Une immense femme occupe l'espace d'exposition, bien campée sur ses deux jambes et les bras écartés en croix, crucifiée aux tâches ménagères et sexuelles. Elle porte un miroir en guise de pendentif, éternel symbole de la beauté féminine et de la douleur de se voir vieillir et ne plus correspondre aux critères de beauté instaurés par la société. Tâches ménagères démesurées, maternité pesante, sexualité subie, diktats d'une beauté idéale : c'est une image à la fois ironique et terrifiante.

"Au nom du père" fera la une de "la Revue d'en face" (revue de politique féministe) en mars 1979.

 

En février 2017, "Au nom du père" resurgit lors de l'exposition L'esprit français, Contre-culture 1969-1989, à la Maison Rouge à Paris et rencontre un tel succès que, grâce à Floriane de Saint Pierre, le Centre Pompidou de Paris décide de l'adopter. 

 

 

"Ma mère, porteuse de la loi du père, tu m'as légué un coeur qui baigne dans le 19é siècle et une tête qui surnage dans le 20é, maintenant il me faut m'accoucher seule pour recoller les morceaux".
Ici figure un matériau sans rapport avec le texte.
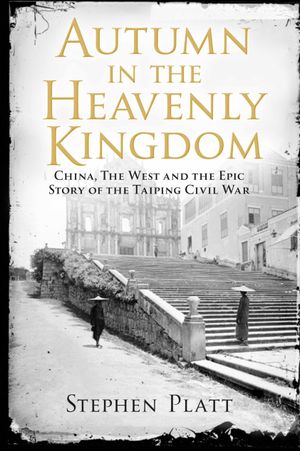 Book cover of Autumn in the Heavenly Kingdom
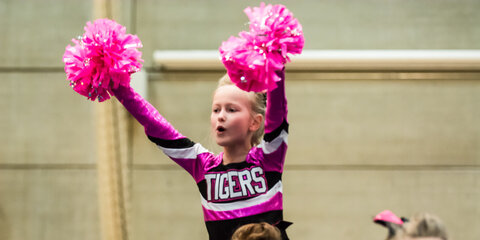 Aarhus Tigers Cheerleaders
OCCLUSION INTESTINALE OU RECHERCHE DU FEMININ-MASCULIN ET DU MASCULIN-FEMININ

Laiton au crochet, 1m20 sur 1m50, environ 20kg, 1977-1978

 

Cette oeuvre est une métamorphose symbolique. Le laiton, matériel d'homme, en étant tricoté devient féminin et donc plus souple.

« …des kilomètres de culs de sacs, de croisements, de sens interdits, de côtes, de pentes, de sentes, de couloirs, se crochetaient joyeusement. 3 kg de laiton, conquérants mais vaincus, restaient prisonniers. 12 kg s’écrasaient, s’entassaient, s’asphyxiaient pour se frayer une voie de piétinements, de rebrousse-chemins, de retours en arrière et de tourner en rond. 14 kg se finissaient et j’attaquais le kg suivant. Je comprends maintenant que cette recherche se poursuivra ma vie durant. Je continue donc, de temps à autre à crocheter du laiton, je l’oublie certains jours pleine d’une joie timide, pour y revenir obsessionnellement, déçue mais butée dans mon espoir de trouver surtout mon féminin réel dans son masculin truqué, en même temps que j’expose ici, mon masculin peureux en montrant mon féminin prisonnier. Nous sommes en novembre 1977, la première année du labyrinthe vient de se terminer, sa deuxième année commence avec son 16é kg de laiton ».



MANIAQUERIE

Charpie d'un drap de lit, fait au crochet – 1979

A l'origine du "Sac de noeuds", cette sculpture crochetée de lamelles de coton a aujourd'hui disparu.



SAC DE NOEUDS

Ficelle crochetée, 30 kg – 1982

"Sac de noeuds" est né d'une relation amoureuse insatisfaisante. Il est tricoté avec de la grosse ficelle dans un manche à balais.



AR(T)MURE POUR ART(R)ISTE

Maille primaire reproduite avec du laiton, 50 kg environ – 1981

 

Sculpture crochetée d’un fil de laiton épais. Elle est hérissée de clous pour se protéger et agresser. Elle a sous son heaume un regard cruel. Raymonde Arcier a conçu cette armure pour se faire une carapace : le monde de l'art l'effrayait.